Stuffed Poblanos w/ Black Beans & Rice

Writing a food blog forces me to try so many new foods, and I totally love it!  Every once in a while I try something I’m not a huge fan of, but the vast majority of the time I absolutely love the new foods, especially veggies, that I try!

Stuffed Poblanos w/ Black Beans & Rice

This past week, I had yet another new food experience.  This time it was poblano peppers!

Poblanos are a large, very mild pepper that are native to Mexico.  They are high in vitamin C and potassium, and make excellent vessels to carry more delicious food.

I decided to stuff my poblanos with a filling blend of black beans, brown rice, corn, and mushrooms, smothered in a creamy chili cashew sauce and vegan mozzarella “cheese”.  They’re pretty incredible.

Stuffed Poblanos w/ Black Beans & Rice(serves 3-6)

Ingredients

  • 6 poblano peppers
  • 2 cups cooked brown rice
  • 1 cup cooked black beans
  • 1 cup corn kernels
  • 1 cup finely chopped cremini mushrooms
  • 3/4 cup Daiya vegan mozzarella cheese
  • 1/2 cup raw cashews, soaked for at least an hour
  • juice of 1/2 lime
  • 1/2 t chili powder
  • 1/4 t cumin
  • pinch of cayenne pepper
  • pinch of sea salt
  • fresh cilantro as garnish

Directions

1.  Preheat the oven to 425F.  In a large bowl, combine the rice, beans, corn, mushrooms, and cheese.

2.  In a blender, add the soaked cashews, just under 1 cup of water, the lime juice, chili powder, cumin, cayenne, and sea salt.  Blend on high for 30-45 seconds, or until smooth.

3.  Pour the chili cashew cream sauce over the rice and bean combo, and mix until the sauce is well incorporated into the rest of the ingredients.

4.  Slice each of the poblanos in half lengthwise, and place each half, inside facing up, into a baking pan.

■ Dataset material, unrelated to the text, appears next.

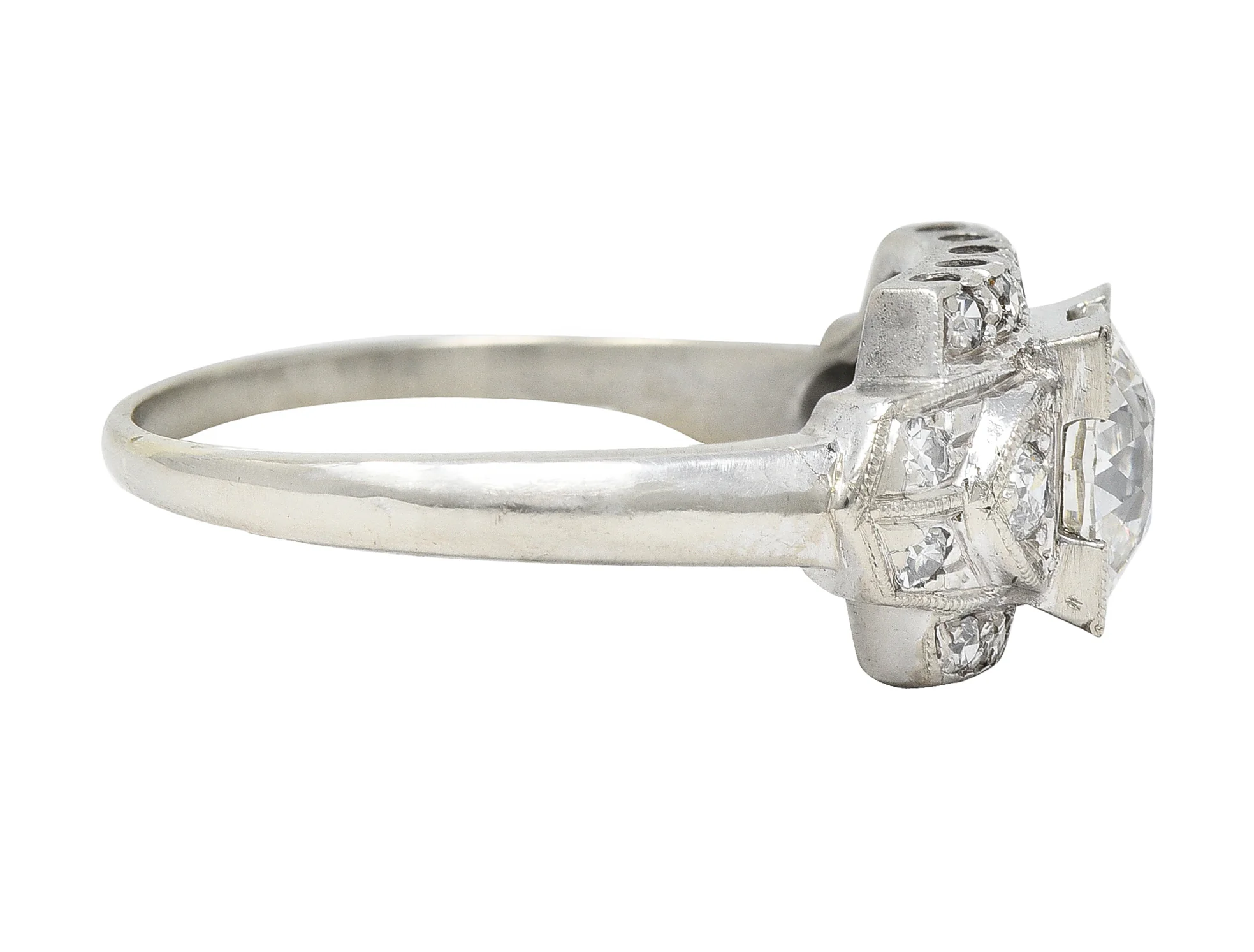 Art Deco 1.39 CTW Old European Cut Diamond 14 Karat White Gold Stepped Vintage Engagement Ring - Image 3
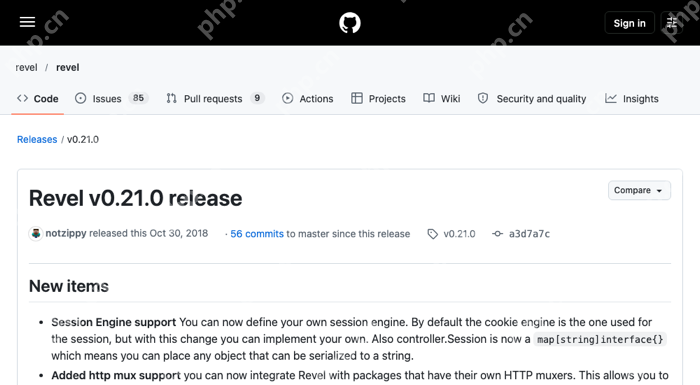 GitHub 上 Revel 官方 v0.21.0 发行记录列出 Session Engine support 和 Added http mux support,证明该版本新增能力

5.  Fill each pepper half with the rice and bean combo.  Place the pan of stuffed pepper into the oven, and allow to bake for about 30 minutes, or until the tops turn golden brown.

6.  Top each pepper with a sprig of fresh cilantro, and serve.

Stuffed Poblanos w/ Black Beans & RiceA slice of avocado would also make an excellent topper for these peppers.  Try them with a side of roasted cauliflower for some extra nutritional and flavorful punch.

By the way, my picky boyfriend ate these and loved them, so I’m sure your family will as well.

Happy Earth Day!

<3 Lindsay

This entry was posted in Dinner, Lunch, Meatless Monday, Recipe. Bookmark the permalink.

7 Responses to Stuffed Poblanos w/ Black Beans & Rice

  1. Michelle says:

    If one has a nut allergy, what do you suggest to do for the sauce instead of cashews?

  2. Sheila says:

    Great recipe! Be warned that people with sensitive skin may want to wear gloves while handling these peppers. I’ve made them many times, and never had any issues until the last time, when both of my hands ended up red and burning for hours after scooping out the insides of poblanos. I guess it depends where they come from… so be careful if your skin is sensitive. Some people peel the outer skin off to get around the problem, but I’m pretty sure in my case it was the seeds inside.

    • Lindsay says:

      Thanks for the warning! I had no idea! I figured that they were mild enough that they wouldn’t cause any problems.

  3. These look great! There’s not much that beats the combination of black beans and rice :)

  4. karen says:

    These peppers are awesome. I only made one substitution – quinoa instead of rice. I served them to guests and they were a hit! I also had some leftover filling. I put used it in a breakfast burrito with tofu scramble, potatoes, and salsa. I will certainly be making these again! Thanks for the fantastic recipe.

    • Lindsay says:

      That is wonderful to hear, Karen! Thank you for the feedback! That breakfast burrito sounds incredible!